Additionally, most aggregates have a ``NaN``-safe counterpart that computes the result while ignoring missing values, which are marked by the special IEEE floating-point ``NaN`` value (for a fuller discussion of missing data, see [Handling Missing Data](03.04-Missing-Values.ipynb)).
Some of these ``NaN``-safe functions were not added until NumPy 1.8, so they will not be available in older NumPy versions.

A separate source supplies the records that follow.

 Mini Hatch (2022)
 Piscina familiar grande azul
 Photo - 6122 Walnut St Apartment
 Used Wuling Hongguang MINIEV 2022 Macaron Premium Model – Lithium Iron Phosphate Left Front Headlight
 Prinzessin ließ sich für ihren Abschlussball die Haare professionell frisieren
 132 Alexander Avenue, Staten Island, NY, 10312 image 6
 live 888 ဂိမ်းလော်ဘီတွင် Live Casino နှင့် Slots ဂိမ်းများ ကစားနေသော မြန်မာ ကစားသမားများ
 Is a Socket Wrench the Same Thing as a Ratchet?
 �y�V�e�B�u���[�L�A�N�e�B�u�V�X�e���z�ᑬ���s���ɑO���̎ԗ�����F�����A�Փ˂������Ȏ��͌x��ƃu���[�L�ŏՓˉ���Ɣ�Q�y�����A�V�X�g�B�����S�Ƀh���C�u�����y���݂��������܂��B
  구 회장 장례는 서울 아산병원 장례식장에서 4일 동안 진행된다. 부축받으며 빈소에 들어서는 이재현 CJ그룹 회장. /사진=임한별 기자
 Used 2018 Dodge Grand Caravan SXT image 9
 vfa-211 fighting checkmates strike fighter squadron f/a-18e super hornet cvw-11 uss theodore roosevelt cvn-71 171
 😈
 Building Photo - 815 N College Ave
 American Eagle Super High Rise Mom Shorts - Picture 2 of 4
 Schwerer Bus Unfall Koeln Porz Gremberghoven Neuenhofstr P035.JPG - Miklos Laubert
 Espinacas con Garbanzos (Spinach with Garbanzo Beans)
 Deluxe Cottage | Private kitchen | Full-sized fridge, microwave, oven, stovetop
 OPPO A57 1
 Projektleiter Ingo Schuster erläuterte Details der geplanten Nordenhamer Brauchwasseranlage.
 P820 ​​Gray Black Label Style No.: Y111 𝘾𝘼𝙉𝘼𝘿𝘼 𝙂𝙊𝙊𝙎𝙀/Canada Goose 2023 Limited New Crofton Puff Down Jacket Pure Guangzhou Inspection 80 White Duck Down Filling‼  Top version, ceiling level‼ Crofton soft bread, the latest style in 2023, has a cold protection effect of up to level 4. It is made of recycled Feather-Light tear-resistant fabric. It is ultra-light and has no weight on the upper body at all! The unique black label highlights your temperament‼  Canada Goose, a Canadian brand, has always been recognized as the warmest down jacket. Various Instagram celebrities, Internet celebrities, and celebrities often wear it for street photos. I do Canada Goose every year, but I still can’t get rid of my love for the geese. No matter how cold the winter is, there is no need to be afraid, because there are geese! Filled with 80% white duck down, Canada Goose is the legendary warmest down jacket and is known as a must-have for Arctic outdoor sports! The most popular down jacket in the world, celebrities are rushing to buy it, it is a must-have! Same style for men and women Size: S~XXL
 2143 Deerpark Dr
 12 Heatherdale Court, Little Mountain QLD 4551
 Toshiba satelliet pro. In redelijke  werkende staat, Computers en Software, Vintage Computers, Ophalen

The following table provides a list of useful aggregation functions available in NumPy:

|Function Name      |   NaN-safe Version  | Description                                   |
|-------------------|---------------------|-----------------------------------------------|
| ``np.sum``        | ``np.nansum``       | Compute sum of elements                       |
| ``np.prod``       | ``np.nanprod``      | Compute product of elements                   |
| ``np.mean``       | ``np.nanmean``      | Compute mean of elements                      |
| ``np.std``        | ``np.nanstd``       | Compute standard deviation                    |
| ``np.var``        | ``np.nanvar``       | Compute variance                              |
| ``np.min``        | ``np.nanmin``       | Find minimum value                            |
| ``np.max``        | ``np.nanmax``       | Find maximum value                            |
| ``np.argmin``     | ``np.nanargmin``    | Find index of minimum value                   |
| ``np.argmax``     | ``np.nanargmax``    | Find index of maximum value                   |
| ``np.median``     | ``np.nanmedian``    | Compute median of elements                    |
| ``np.percentile`` | ``np.nanpercentile``| Compute rank-based statistics of elements     |
| ``np.any``        | N/A                 | Evaluate whether any elements are true        |
| ``np.all``        | N/A                 | Evaluate whether all elements are true        |

We will see these aggregates often throughout the rest of the book.